Violence and Nonviolence in Shinran
by
Dennis Hirota
Abstract (excerpt)
This article examines the Pure Land Buddhist thinker Shinran (1173–1263), from whose teachings the Shin Buddhist tradition emerged. Shinran’s ideas provide an alternative model for considering moral judgments and issues related to violence. Since Shinran viewed violence as a mode of human action, the author asks how violence, whether inflicted or suffered, is to be understood by Shin Buddhists…
1. Introduction (excerpt… 1 of 11)
The Pure Land Buddhist thinker Shinran (1173–1263) lived in a time of widespread social turbulence and conflict: the incessant rivalries and armed clashes among various court, temple, and warrior factions during the Heian and Kamakura eras… Through his years of writing and disseminating Buddhist teachings, Shinran’s life was strictly circumscribed in scope and opportunity—a defrocked and formerly exiled priest, openly married even while wearing monk’s robes, living as a preacher in the countryside or with relatives in the capital as he transmitted a proscribed teaching.

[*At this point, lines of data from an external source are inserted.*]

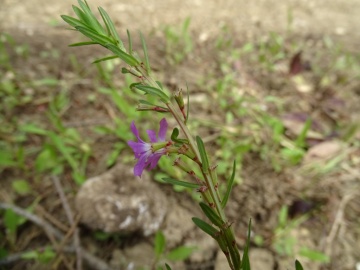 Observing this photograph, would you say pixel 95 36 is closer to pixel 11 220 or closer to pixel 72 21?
pixel 72 21

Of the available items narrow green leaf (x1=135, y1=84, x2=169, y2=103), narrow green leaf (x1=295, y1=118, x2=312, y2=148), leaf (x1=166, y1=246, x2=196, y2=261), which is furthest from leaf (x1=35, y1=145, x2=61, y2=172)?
narrow green leaf (x1=295, y1=118, x2=312, y2=148)

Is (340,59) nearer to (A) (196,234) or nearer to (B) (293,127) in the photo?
(B) (293,127)

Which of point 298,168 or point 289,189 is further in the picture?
point 298,168

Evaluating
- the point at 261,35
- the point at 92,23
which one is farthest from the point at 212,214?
the point at 261,35

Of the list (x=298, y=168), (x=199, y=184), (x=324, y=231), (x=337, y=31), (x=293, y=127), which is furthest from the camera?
(x=337, y=31)

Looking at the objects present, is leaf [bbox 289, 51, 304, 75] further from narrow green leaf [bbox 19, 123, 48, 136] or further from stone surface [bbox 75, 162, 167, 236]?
narrow green leaf [bbox 19, 123, 48, 136]

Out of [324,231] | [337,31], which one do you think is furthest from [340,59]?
[324,231]

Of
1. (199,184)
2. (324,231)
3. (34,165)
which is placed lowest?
(324,231)
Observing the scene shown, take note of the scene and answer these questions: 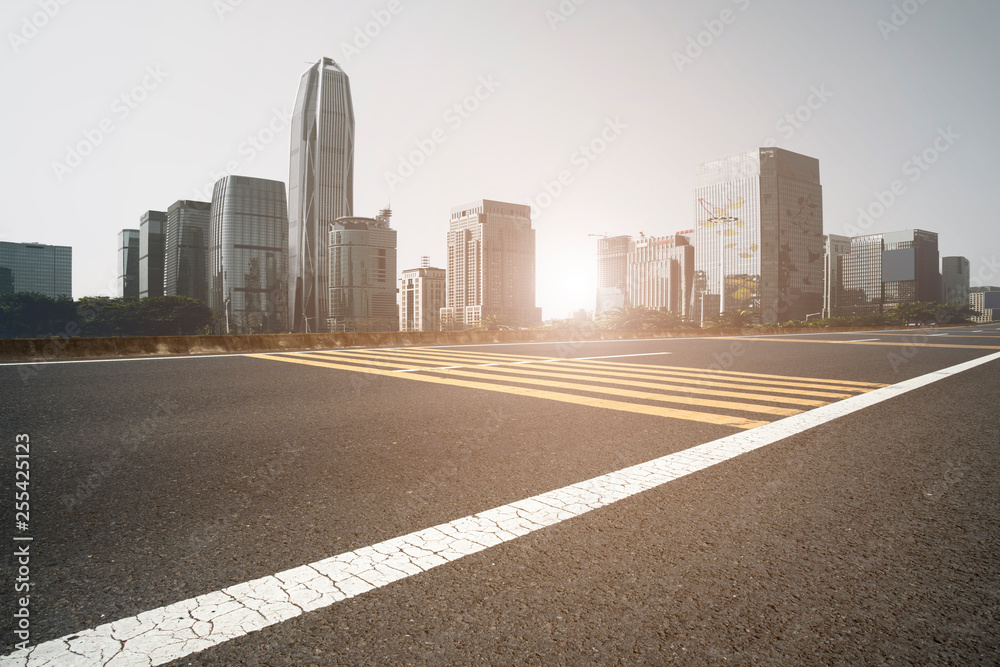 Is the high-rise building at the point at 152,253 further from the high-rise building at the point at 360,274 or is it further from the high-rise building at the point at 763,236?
the high-rise building at the point at 763,236

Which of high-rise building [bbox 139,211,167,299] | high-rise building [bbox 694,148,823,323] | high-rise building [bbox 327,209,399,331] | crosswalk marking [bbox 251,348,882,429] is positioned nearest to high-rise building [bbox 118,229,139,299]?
high-rise building [bbox 139,211,167,299]

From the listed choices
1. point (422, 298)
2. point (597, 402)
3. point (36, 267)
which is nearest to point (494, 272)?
point (422, 298)

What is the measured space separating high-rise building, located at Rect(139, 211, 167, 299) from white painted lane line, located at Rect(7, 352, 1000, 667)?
193236mm

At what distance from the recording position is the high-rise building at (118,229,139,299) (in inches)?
6983

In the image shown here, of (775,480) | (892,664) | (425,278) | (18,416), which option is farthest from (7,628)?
(425,278)

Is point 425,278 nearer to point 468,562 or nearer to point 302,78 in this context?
point 302,78

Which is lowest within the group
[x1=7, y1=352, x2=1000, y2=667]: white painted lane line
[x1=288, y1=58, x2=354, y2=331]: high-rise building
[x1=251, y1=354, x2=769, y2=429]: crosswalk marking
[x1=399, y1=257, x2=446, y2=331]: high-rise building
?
[x1=7, y1=352, x2=1000, y2=667]: white painted lane line

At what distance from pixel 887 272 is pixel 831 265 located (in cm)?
1797

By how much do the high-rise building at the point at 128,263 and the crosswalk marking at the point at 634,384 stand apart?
199897 mm

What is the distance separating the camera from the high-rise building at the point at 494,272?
14138 cm

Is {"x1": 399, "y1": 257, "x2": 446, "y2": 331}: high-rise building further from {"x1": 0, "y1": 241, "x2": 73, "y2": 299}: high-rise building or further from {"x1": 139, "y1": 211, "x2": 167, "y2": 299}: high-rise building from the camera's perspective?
{"x1": 0, "y1": 241, "x2": 73, "y2": 299}: high-rise building

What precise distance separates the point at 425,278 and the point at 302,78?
7088cm

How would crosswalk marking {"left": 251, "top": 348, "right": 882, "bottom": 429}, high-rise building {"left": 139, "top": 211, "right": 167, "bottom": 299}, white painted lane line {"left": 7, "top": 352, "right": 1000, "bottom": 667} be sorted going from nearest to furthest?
white painted lane line {"left": 7, "top": 352, "right": 1000, "bottom": 667}, crosswalk marking {"left": 251, "top": 348, "right": 882, "bottom": 429}, high-rise building {"left": 139, "top": 211, "right": 167, "bottom": 299}

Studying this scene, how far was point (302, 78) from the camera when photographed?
171 meters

Despite such constraints, he articulated a mode of thinking that continues to influence social life in Japan and provides an alternative model for considering moral judgments and issues of violence today.

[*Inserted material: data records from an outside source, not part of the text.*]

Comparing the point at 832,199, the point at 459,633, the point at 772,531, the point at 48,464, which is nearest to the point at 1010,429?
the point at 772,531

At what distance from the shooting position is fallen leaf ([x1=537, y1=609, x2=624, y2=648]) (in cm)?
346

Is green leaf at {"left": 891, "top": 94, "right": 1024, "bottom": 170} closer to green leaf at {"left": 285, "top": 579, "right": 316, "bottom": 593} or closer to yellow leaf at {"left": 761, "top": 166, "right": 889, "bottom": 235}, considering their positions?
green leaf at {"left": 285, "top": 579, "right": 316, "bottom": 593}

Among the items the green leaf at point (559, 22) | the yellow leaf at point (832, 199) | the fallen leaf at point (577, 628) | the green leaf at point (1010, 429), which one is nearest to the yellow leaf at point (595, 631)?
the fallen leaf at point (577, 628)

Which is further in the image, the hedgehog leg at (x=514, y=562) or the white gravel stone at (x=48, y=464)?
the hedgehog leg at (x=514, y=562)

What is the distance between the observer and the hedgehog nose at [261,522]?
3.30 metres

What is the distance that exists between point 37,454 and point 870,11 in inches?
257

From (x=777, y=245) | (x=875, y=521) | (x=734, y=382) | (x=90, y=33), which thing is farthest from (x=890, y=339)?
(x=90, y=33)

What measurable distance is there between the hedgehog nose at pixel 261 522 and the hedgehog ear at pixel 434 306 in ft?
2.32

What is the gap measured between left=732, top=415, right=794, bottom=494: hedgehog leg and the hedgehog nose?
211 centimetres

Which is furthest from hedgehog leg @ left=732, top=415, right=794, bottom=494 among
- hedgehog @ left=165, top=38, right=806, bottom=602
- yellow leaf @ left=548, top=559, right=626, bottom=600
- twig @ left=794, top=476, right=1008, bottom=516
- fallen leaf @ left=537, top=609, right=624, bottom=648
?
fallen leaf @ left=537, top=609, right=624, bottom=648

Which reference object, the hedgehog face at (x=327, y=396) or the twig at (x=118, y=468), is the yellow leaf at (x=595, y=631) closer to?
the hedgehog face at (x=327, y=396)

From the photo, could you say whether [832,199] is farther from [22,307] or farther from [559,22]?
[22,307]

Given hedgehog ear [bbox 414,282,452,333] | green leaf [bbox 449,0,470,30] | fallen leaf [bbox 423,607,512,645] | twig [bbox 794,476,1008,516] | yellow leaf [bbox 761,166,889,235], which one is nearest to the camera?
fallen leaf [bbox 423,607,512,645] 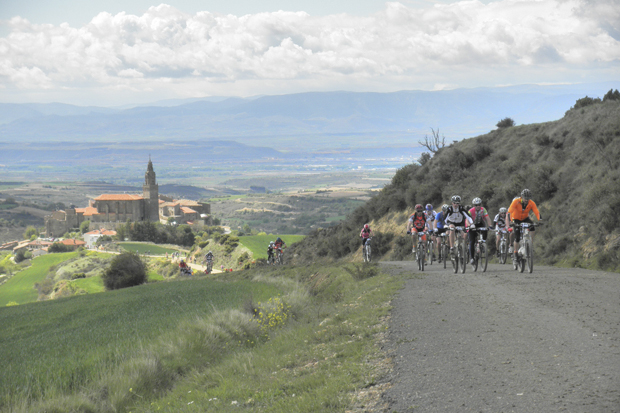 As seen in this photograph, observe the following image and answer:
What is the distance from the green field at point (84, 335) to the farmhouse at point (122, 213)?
5270 inches

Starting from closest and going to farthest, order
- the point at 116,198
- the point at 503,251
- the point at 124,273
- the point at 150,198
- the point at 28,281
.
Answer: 1. the point at 503,251
2. the point at 124,273
3. the point at 28,281
4. the point at 116,198
5. the point at 150,198

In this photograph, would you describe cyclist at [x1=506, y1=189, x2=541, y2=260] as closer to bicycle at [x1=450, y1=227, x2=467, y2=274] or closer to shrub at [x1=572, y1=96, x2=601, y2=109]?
bicycle at [x1=450, y1=227, x2=467, y2=274]

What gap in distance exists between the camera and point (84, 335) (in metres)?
14.4

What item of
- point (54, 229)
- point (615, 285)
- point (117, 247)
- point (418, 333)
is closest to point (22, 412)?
point (418, 333)

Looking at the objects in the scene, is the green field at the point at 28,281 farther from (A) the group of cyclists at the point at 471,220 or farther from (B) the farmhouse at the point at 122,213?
(B) the farmhouse at the point at 122,213

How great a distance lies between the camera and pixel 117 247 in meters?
105

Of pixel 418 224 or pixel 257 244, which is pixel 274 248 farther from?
pixel 257 244

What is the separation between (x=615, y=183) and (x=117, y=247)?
95720 millimetres

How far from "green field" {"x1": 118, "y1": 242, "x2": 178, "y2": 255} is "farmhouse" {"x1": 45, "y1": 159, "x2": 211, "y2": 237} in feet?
152

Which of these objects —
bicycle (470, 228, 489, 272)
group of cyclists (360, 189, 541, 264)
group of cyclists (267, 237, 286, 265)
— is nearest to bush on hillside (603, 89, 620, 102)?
group of cyclists (267, 237, 286, 265)

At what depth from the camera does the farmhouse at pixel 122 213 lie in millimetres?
156750

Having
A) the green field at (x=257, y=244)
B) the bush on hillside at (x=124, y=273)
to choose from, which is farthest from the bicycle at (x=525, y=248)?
the green field at (x=257, y=244)

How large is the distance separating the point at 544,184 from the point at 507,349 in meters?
21.2

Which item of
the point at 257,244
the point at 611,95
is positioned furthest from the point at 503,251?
the point at 257,244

As an offspring of the Hino, a minor and waning branch of the Fujiwara clan, Shinran experienced how aristocratic privilege and ambition reached into the great monasteries during his twenty years as a Tendai monk… on Mount Hiei. Late in life, in hymns for laypeople, he decried the widespread degeneracy of the Buddhist orders…

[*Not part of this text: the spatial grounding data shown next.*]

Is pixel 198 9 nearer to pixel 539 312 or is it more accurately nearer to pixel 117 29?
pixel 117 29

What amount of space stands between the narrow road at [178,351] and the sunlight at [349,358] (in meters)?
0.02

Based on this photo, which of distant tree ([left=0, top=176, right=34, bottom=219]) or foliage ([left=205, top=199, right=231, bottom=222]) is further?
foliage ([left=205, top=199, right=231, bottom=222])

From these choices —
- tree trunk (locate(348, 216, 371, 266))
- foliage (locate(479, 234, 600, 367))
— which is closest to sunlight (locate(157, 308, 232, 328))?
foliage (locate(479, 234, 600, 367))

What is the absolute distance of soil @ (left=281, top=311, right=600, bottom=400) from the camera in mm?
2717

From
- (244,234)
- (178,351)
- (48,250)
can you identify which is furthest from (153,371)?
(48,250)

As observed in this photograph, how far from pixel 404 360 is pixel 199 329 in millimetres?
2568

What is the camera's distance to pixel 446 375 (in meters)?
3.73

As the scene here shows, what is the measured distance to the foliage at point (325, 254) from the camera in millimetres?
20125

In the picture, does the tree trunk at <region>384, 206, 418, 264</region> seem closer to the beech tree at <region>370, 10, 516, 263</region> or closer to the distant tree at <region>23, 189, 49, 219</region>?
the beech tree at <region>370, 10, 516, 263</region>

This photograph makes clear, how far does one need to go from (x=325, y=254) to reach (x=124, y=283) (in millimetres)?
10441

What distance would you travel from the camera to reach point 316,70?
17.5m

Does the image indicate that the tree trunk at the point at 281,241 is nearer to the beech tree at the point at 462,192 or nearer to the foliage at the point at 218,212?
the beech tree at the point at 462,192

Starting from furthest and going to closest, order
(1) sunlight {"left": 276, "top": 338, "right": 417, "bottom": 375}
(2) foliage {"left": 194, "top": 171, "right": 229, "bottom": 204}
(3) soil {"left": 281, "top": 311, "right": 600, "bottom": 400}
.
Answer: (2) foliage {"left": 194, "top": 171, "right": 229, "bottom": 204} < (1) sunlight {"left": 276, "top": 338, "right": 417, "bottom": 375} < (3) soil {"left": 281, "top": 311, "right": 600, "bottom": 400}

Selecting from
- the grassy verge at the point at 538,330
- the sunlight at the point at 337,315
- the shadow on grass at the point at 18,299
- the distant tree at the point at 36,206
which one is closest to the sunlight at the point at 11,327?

Shinran is among the “wandering monks” (hijiri) of the period who discarded their temple affiliations and monastic careers, some after achieving considerable rank, to seek a genuinely liberating path as “neither a monk nor one in worldly life” (Collected Works of Shinran, hereafter CWS, I: 289). At twenty-nine, Shinran descended Mount Hiei to become a follower of Hōnen (1133–1212), who advocated the practice of saying the nembutsu (“Namu-amida-butsu,” the “name” of Amida Buddha), entrusting oneself to Amida’s Vow to bring all beings to awakening.
After six years with Hōnen, Shinran was banished from the capital together with his master and a number of other followers. Four others were executed. Persecution of the new Pure Land movement that was spreading among the general populace continued periodically throughout Shinran’s life, including by manor lords and ruling warriors in the countryside. In the postscript to his major work, A Collection of Passages on the True and Real Teaching, Practice, and Realization of the Pure Land Way (hereafter Teaching, Practice, and Realization), Shinran denounces the violence instigated by a hostile ecclesiastical establishment and perpetrated by the court to suppress Hōnen’s Pure Land teaching:
The emperor and his ministers, acting against the dharma and violating human rectitude, became enraged and embittered. As a result, Master Genkū [Hōnen]—the eminent founder who had enabled the true essence of the Pure Land way to spread vigorously [in Japan]—and a number of his followers, without receiving any deliberation of their [alleged] crimes, were summarily sentenced to death or stripped of their ordinations … and consigned to distant banishment. I was among the latter. (CWS I: 289)
This chapter considers Shinran’s view of violence as a mode of human action. How is violence, whether inflicted or suffered, to be understood and managed by Shin Buddhists? And what does Shinran’s thought offer for our understanding of violence in the world today?
2. Violence and Codes of Conduct
Modern discussions of violence commonly pursue rules of conduct rooted in universal norms. As the philosopher Charles Taylor points out, “a great deal of effort in modern liberal society is invested in defining and applying codes of conduct.”. He further notes the widespread assumption that such codes “can be generated from a single source or principle,” such as a “mode of calculation of utility.” We seek a unitary standard that will enable a shared determination of appropriate action in specific situations, thus fostering a just society in which individuals enjoy both communal order and freedom, unfettered by either the threat of violence or undue constraint.
Religious traditions are often understood to have served in the past to provide such foundational principles. In most Buddhist traditions, an ethicized notion of karma and the various formulations of virtues and precepts for monastics and lay practitioners may be seen to have offered such support. Recent efforts by Buddhists to reinterpret such guidelines for practice as the six paramitas or the five precepts in terms of contemporary social life reflect the modern demand for codes of conduct that Taylor identifies.